Data block
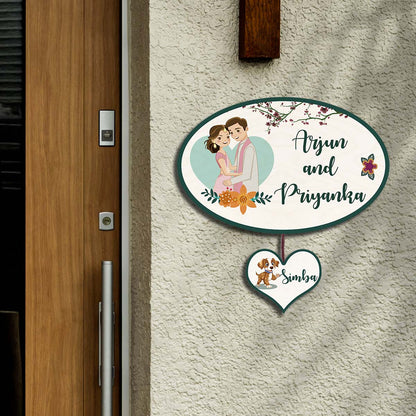 Couple Name Plate for Home – Oval with Pet Heart Tag - Sblossom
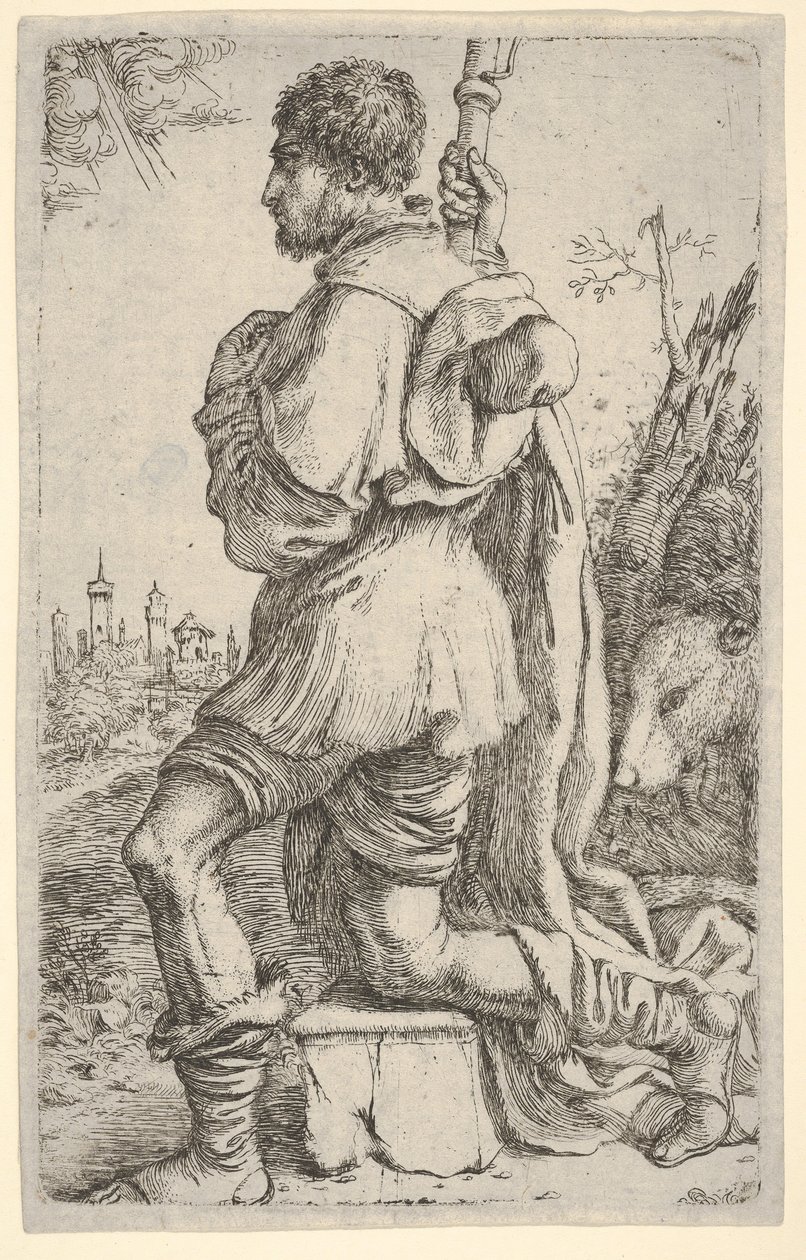 Saint Roch, knelende på en stein, sett fra siden med hunden bak seg og en by..., 1620-30. av Giuseppe Caletti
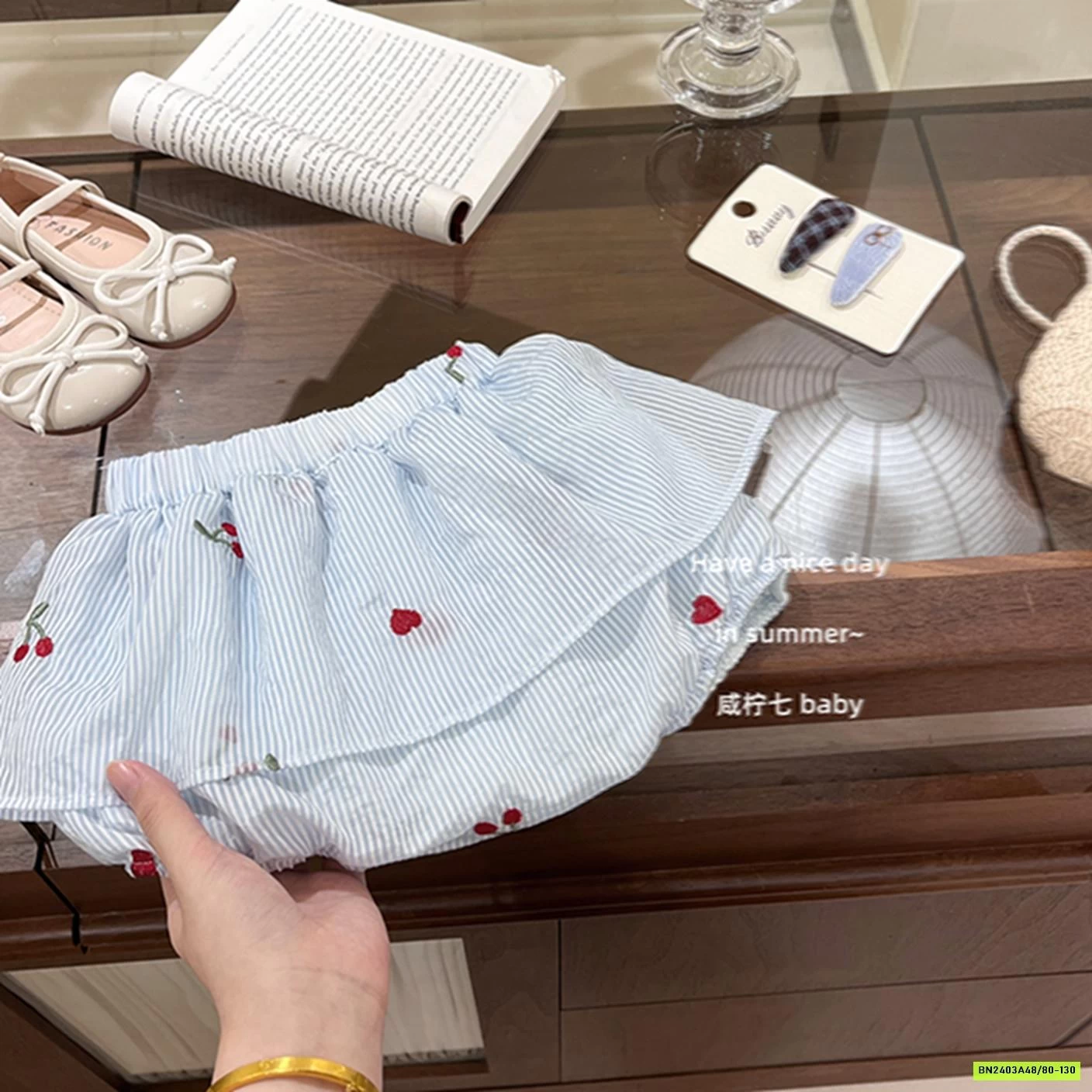 SÉT VÁY CHEERY CARO XANH TBABY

Problem requirements
Return every line above verbatim, pictures excluded.

Output of the task
 Couple Name Plate for Home – Oval with Pet Heart Tag - Sblossom
 Saint Roch, knelende på en stein, sett fra siden med hunden bak seg og en by..., 1620-30. av Giuseppe Caletti
 SÉT VÁY CHEERY CARO XANH TBABY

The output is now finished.